I didn’t want to just corner Jenna after practice, so it was a couple weeks before I could talk to her about Nick. Meanwhile, more practices ended with full darkness outside, and as I walked from the Club to my bus stop, Nick would be there, just a shadow across the street at the edge of the sodium lights. Didn’t he have anywhere else to be, I wondered. Was he haunting the club, or stalking me, wondering what was taking me so long? Either way, we didn’t talk again until it was done.
An independent cinema called the Moulin Bleu was showing—one afternoon only—the final installment of a particularly esoteric series of anime movies. (Think if Stanley Kubrick had directed a gender-swapped Beauty and the Beast, except the Beast, in this case, is also the Beast of the biblical apocalypse.) Jenna was the only person I’d met since college who knew, much less cared (or could be persuaded to care) about the franchise. Naturally, I suggested we go to the showing together.
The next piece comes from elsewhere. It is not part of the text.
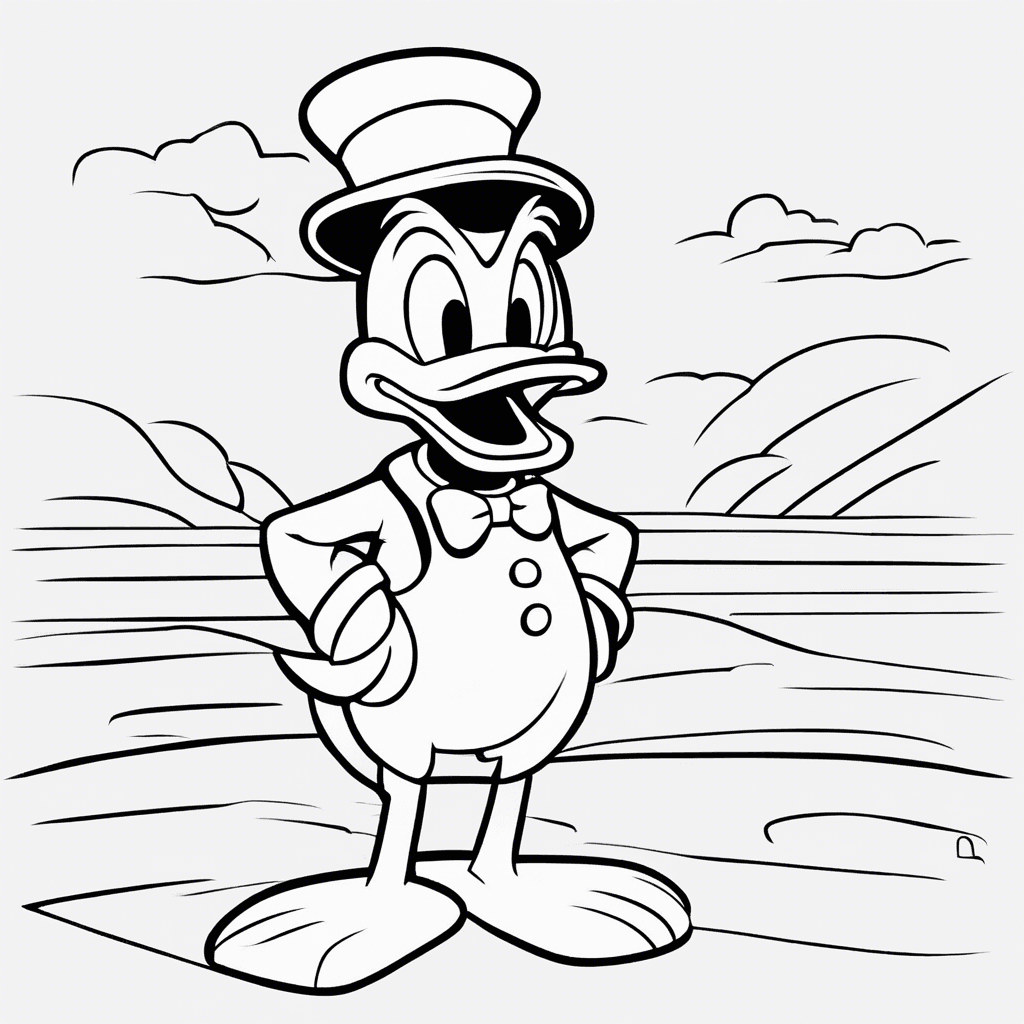 Additional donald duck coloring page 2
Afterward, we waited for my bus on steep, sloped sidewalk, and before we had gone too far breaking down the movie’s convoluted eschatological symbology, I said, apropos of nothing, “I talked to Nick the other day.”
“Ugh. Why?”
“He approached me.”
“So?”
“He wants to apologize.”
She turned to face me. “I don’t want his apology. I just don’t want to deal with him again.”
“That’s the thing,” I said. “He really wants to get back on the mat.”
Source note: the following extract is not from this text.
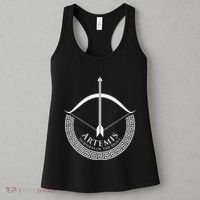 Greek Mythology Gift Ancient Greece Lovers Of Artemis Women's Tank Top thumb 3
“He’d fit right in at Team V.” Jenna had not had a good experience at Team V MMA Academy.
“I know you don’t owe him anything…”
“Damn skippy,” she said.
“…but I feel where he’s coming from. And he said he’s willing to do whatever he has to to get back in everyone’s good graces.”
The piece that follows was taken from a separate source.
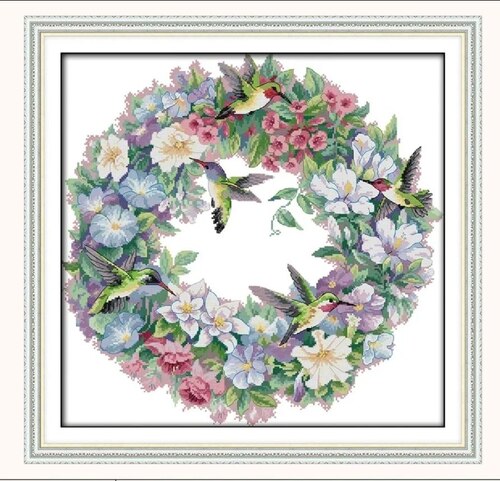 JoySunday  Набір для вишивання Вінок The Art Of Hummingbird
“It wasn’t my call to kick him out.”
“I know. I was there. But Pete wouldn’t consider letting Nick back in if you weren’t okay with it. That wouldn’t be right.”
“But you think it would be right if you could talk me into it?”
I don’t know if I thought it would be right even then. Here I was advocating for someone I hardly knew, over the objections of one of my best friends. But I knew what Nick and I had in common, and I didn’t think the city was going to give him another chance. “I just think the Club’s important to him for the same reason it’s important to me. And he feels bad about how he treated you. He gets that.”
Jenna looked down the street to see if my bus was coming yet. It wasn’t. “You said he’d do whatever it takes?”
I nodded.
“Would that include leaving me alone? No rolling, no drills, no talking—completely separate universes.”
“He would do that.”
“You’re certain this isn’t some kind of stalker crush thing? Like he’d do anything just to be in the same room as me?”
I laughed. “It’s really not about that.”
“He knows I’m not even into guys, right?”
“I could tell him, just to be sure,” I offered.
“Do that.” She sighed. “You can’t be too careful.”